┌────────

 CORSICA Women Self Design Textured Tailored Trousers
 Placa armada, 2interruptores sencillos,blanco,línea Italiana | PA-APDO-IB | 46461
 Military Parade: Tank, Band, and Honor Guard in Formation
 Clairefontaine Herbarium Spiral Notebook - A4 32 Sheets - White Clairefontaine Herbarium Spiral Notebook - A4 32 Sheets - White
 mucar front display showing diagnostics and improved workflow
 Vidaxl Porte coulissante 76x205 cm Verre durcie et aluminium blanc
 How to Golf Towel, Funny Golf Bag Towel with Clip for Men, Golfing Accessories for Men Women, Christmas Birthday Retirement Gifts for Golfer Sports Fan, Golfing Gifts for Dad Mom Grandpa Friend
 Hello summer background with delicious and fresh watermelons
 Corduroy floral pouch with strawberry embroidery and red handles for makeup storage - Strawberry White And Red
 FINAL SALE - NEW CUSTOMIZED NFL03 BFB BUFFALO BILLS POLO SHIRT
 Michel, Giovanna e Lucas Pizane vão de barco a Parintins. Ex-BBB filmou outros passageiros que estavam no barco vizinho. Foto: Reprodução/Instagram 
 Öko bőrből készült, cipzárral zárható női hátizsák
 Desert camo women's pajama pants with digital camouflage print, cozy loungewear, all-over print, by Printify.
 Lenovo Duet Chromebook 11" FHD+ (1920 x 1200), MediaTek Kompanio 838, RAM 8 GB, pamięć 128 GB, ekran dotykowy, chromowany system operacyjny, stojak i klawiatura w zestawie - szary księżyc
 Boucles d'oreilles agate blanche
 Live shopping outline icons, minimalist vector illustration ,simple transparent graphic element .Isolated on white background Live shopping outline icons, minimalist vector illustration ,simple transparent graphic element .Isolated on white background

└────────

> EXERCISE
Copy each line above where "with" appears.

> TASK SOLUTION
 How to Golf Towel, Funny Golf Bag Towel with Clip for Men, Golfing Accessories for Men Women, Christmas Birthday Retirement Gifts for Golfer Sports Fan, Golfing Gifts for Dad Mom Grandpa Friend
 Hello summer background with delicious and fresh watermelons
 Corduroy floral pouch with strawberry embroidery and red handles for makeup storage - Strawberry White And Red
 Desert camo women's pajama pants with digital camouflage print, cozy loungewear, all-over print, by Printify.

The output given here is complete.